Vallata, Vita nella Baronia

Vita nella Baronia 

Tratto da "BARONIA - linguaggio usi e costumi" di Giuseppe Iacoviello

    La vita nella Baronia è stata da sempre prevalentemente agricola. Il suolo, per circa 3/4 collinoso o montagnoso, poco rendeva e rende alla Comunità. Lo spezzettamento della proprietà, poi, ne limitava un miglior sfruttamento anche se dava a tutti, o quasi, la possibilità di sopravvivere. 
    Il commercio, legato all’agricoltura, vedeva nel venditore ambulante il principale protagonista dello scambio tra le varie comunità vicine e lontane. 
    I pochi negozianti e gli artigiani si barcamenavano tra l’attività in paese ed il lavoro dei propri campi.

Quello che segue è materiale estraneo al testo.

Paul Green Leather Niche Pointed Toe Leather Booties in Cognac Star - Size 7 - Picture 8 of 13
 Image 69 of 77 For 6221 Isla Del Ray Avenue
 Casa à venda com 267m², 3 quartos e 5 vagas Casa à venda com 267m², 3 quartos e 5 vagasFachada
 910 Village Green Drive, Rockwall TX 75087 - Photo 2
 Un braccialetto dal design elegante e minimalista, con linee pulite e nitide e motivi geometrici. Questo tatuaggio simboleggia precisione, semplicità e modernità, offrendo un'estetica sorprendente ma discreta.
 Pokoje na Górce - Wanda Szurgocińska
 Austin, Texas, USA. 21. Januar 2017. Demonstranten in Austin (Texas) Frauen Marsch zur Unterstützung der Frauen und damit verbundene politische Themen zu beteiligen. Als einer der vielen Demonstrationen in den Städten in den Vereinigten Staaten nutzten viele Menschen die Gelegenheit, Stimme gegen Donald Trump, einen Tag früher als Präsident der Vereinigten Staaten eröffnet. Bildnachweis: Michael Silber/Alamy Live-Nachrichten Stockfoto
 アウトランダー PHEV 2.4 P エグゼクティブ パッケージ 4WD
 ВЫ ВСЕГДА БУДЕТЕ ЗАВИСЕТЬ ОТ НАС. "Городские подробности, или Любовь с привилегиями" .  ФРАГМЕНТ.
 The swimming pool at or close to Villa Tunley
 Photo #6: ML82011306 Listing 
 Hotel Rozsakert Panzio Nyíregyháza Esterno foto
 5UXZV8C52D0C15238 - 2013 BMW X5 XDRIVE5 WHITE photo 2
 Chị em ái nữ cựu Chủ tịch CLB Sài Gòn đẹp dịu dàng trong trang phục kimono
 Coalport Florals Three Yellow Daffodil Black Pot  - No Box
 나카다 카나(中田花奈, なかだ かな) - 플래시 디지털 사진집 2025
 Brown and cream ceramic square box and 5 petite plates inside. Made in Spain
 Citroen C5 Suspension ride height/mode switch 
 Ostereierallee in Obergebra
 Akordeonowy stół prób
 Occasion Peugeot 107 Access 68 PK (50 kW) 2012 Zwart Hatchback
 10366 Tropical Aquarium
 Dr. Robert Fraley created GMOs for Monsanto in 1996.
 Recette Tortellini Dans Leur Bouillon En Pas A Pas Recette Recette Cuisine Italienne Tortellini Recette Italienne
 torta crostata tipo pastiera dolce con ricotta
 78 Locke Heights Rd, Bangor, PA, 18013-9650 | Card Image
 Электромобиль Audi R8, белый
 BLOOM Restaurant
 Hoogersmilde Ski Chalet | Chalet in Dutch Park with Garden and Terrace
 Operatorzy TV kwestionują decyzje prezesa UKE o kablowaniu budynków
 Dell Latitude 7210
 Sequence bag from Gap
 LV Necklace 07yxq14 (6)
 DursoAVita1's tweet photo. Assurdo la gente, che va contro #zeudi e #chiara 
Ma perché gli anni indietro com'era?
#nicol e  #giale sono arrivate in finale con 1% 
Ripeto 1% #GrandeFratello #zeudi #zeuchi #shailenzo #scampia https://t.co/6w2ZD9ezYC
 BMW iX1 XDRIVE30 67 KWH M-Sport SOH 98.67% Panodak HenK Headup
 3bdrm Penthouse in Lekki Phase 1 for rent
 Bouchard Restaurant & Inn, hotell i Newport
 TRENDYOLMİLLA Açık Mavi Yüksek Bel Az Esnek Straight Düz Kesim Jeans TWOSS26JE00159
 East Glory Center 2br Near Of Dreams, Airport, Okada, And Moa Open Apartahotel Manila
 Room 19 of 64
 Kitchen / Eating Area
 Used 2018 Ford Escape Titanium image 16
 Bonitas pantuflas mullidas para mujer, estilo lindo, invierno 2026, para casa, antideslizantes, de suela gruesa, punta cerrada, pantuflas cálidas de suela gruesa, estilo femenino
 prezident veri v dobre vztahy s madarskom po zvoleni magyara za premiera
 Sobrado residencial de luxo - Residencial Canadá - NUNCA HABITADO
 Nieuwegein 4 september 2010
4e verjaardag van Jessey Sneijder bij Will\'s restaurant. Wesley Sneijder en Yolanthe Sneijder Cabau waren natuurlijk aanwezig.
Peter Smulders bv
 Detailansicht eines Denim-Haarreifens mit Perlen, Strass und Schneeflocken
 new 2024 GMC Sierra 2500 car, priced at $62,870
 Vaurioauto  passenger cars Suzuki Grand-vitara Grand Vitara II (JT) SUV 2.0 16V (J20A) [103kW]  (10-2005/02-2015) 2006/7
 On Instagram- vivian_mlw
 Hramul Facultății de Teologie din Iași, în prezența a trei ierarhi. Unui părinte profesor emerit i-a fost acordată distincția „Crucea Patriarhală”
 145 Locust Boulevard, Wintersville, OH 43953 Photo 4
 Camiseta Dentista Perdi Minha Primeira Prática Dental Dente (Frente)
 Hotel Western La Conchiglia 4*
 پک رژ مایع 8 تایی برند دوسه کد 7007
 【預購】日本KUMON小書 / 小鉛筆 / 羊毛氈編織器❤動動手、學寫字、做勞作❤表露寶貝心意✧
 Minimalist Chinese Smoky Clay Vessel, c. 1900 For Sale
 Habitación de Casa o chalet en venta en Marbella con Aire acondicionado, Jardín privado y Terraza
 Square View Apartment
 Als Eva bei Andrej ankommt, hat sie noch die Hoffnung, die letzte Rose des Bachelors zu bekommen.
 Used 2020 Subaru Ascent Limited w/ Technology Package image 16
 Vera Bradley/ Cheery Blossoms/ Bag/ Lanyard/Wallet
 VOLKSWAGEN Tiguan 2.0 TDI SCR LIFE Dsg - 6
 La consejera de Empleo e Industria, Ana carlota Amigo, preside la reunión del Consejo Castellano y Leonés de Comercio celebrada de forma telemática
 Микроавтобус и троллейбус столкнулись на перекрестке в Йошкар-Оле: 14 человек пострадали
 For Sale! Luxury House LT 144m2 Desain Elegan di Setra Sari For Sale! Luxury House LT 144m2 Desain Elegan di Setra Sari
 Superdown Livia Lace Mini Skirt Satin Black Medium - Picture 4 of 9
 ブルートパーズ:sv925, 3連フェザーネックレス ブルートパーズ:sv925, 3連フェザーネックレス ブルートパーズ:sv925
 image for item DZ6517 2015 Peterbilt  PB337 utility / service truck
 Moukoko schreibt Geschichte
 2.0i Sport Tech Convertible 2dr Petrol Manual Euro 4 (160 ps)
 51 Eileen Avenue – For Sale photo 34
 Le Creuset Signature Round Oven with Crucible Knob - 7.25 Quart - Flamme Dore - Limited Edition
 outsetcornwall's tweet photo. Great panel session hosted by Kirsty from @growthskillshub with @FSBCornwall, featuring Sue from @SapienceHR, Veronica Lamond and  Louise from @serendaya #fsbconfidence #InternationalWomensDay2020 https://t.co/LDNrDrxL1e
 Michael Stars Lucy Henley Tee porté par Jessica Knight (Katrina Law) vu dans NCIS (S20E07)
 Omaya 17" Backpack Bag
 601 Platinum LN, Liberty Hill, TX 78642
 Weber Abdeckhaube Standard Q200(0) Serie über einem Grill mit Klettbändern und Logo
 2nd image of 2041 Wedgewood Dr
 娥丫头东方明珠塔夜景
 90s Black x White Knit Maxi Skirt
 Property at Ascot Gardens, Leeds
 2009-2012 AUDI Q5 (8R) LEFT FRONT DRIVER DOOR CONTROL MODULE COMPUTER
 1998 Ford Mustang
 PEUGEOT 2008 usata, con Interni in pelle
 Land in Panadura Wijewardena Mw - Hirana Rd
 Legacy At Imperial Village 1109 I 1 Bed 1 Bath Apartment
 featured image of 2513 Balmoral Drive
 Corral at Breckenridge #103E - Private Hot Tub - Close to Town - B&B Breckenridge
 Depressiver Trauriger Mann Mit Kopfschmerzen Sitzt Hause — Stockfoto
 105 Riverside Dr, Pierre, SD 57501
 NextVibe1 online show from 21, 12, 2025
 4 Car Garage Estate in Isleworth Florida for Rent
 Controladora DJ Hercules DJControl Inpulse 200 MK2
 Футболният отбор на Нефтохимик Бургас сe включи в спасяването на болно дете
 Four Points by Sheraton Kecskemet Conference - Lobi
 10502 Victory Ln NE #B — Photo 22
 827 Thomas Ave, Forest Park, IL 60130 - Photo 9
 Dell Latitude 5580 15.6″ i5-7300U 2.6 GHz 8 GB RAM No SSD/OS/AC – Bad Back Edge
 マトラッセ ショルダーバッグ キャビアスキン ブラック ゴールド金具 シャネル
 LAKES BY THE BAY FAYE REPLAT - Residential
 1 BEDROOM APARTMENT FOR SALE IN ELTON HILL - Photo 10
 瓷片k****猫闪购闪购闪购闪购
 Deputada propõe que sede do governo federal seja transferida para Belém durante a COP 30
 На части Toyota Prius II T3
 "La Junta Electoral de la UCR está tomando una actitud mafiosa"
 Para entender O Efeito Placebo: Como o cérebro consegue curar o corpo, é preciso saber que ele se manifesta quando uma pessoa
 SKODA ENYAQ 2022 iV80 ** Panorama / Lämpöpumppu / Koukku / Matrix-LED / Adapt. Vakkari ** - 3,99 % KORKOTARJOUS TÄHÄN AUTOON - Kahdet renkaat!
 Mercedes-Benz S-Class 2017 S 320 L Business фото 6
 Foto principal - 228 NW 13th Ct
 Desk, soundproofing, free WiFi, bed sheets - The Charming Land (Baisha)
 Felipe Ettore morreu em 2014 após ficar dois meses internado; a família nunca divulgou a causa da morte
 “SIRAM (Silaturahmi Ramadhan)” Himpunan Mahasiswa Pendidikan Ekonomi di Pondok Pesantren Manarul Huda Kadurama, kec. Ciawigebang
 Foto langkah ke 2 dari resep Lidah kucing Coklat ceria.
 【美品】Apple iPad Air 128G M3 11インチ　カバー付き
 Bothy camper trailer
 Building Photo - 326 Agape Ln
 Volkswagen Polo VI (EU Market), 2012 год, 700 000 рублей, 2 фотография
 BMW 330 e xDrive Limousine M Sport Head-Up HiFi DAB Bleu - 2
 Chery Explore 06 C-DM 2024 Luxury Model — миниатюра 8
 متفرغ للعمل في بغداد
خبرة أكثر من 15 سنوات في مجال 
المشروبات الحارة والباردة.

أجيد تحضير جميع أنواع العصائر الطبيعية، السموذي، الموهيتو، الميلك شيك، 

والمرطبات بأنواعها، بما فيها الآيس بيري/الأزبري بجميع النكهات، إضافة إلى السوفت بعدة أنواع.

Inoltre gli artigiani erano soliti andare a giornata presso le case dei clienti. 
    In Baronia la maggioranza era povera, di conseguenza la vita era dura ma la si viveva senza formalismi in maniera allegra e spensierata. Forse il mal comune rinfrancava lo spirito e la gente non cercava il superfluo, il lusso, sapendo di non poterlo ottenere. 
   

Lavorava e prestava la propria opera senza riserve. 
    Dato che la moneta circolava poco la prestazione era per lo più a rendere e il valore della stessa era considerato in funzione della giornata del bovaro che arava la terra (1). 
 
   L’ingegnosità e l’operosità irpina varcava i confini territoriali e nazionali ma l’analfabetismo dominante concentrava il potere e la cultura nelle mani di poche persone (2). Ad esse il popolo si rivolgeva, in ogni circostanza, per aiuto, consigli e disbrigo di pratiche. Tale necessità lo poneva in uno stato di inferiorità e lo faceva sentire sempre debitore e in obbligo verso questa categoria di persone.
   
A raccontare, dunque, il sacrificio dei nostri padri, e in parte vissuto anche dalla nostra generazione, sembra una favola agli occhi dei giovani d’oggi. Questi ultimi, vivendo una realtà diversa, grazie all’evoluzione rapida dei tempi, al benessere, all’abbondanza, al lusso, all’indipendenza, non riescono a comprendere appieno una condizione di vita tanto distante dall’attuale.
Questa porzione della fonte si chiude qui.